截断近端策略优化

摘要

近期，测试时扩展的大型语言模型（LLMs）通过生成长链思维（CoT），在科学和专业任务中展现了卓越的推理能力。作为开发这些推理模型的关键组成部分，强化学习（RL），以近端策略优化（PPO）及其变体为代表，使模型能够通过试错进行学习。然而，PPO因其固有的在线策略性质，可能耗时较长，而随着响应长度的增加，这一问题进一步加剧。在本研究中，我们提出了截断近端策略优化（T-PPO），这是对PPO的一种新颖扩展，通过简化策略更新和长度受限的响应生成，提高了训练效率。T-PPO缓解了硬件利用率低的问题，这是完全同步的长生成过程固有的缺点，其中资源在等待完整回滚期间常常处于闲置状态。我们的贡献体现在两个方面。首先，我们提出了扩展广义优势估计（EGAE），用于从不完整响应中推导优势估计，同时保持策略学习的完整性。其次，我们设计了一种计算优化的机制，允许策略模型和价值模型独立优化。通过选择性过滤提示词和截断词，该机制减少了冗余计算，在不牺牲收敛性能的情况下加速了训练过程。我们在AIME 2024上使用32B基础模型验证了T-PPO的有效性和效率。实验结果表明，T-PPO将推理LLMs的训练效率提高了最多2.5倍，并超越了现有竞争对手。

English

Recently, test-time scaling Large Language Models (LLMs) have demonstrated exceptional reasoning capabilities across scientific and professional tasks by generating long chains-of-thought (CoT). As a crucial component for developing these reasoning models, reinforcement learning (RL), exemplified by Proximal Policy Optimization (PPO) and its variants, allows models to learn through trial and error.
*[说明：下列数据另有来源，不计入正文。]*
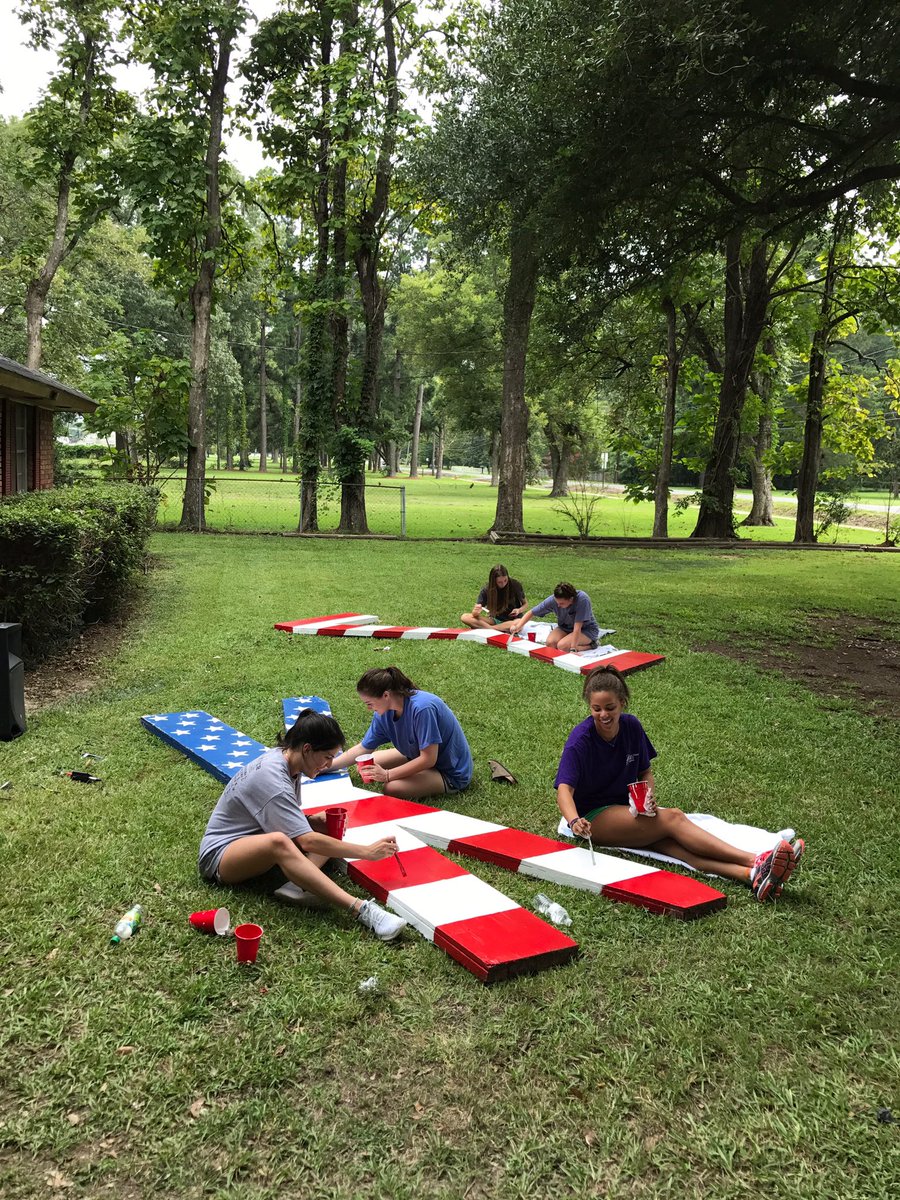 KappaSigULM's tweet image. Rush week is here! Thanks to the girls who helped out around the house this weekend.  #rushkappasig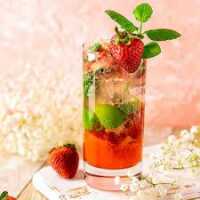 STRAWBERYY MOJİTO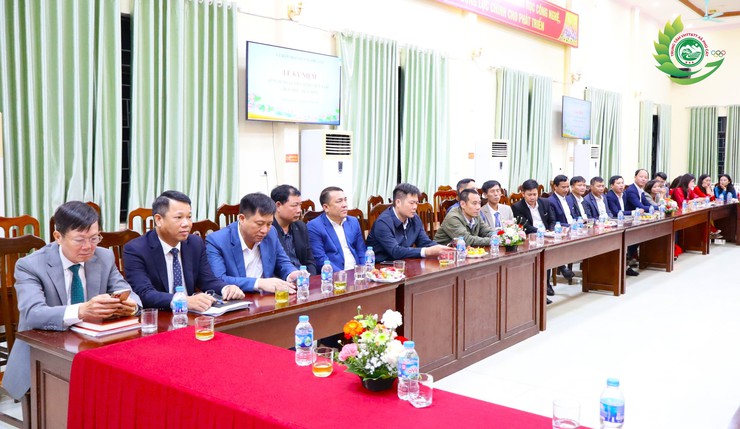 Xã Phú Cát tổ chức Lễ kỷ niệm 43 năm Ngày Nhà giáo Việt Nam 20/11- Ảnh 5.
However, PPO can be time-consuming due to its inherent on-policy nature, which is further exacerbated by increasing response lengths. In this work, we propose Truncated Proximal Policy Optimization (T-PPO), a novel extension to PPO that improves training efficiency by streamlining policy update and length-restricted response generation. T-PPO mitigates the issue of low hardware utilization, an inherent drawback of fully synchronized long-generation procedures, where resources often sit idle during the waiting periods for complete rollouts. Our contributions are two-folds. First, we propose Extended Generalized Advantage Estimation (EGAE) for advantage estimation derived from incomplete responses while maintaining the integrity of policy learning. Second, we devise a computationally optimized mechanism that allows for the independent optimization of the policy and value models. By selectively filtering prompt and truncated tokens, this mechanism reduces redundant computations and accelerates the training process without sacrificing convergence performance. We demonstrate the effectiveness and efficacy of T-PPO on AIME 2024 with a 32B base model. The experimental results show that T-PPO improves the training efficiency of reasoning LLMs by up to 2.5x and outperforms its existing competitors.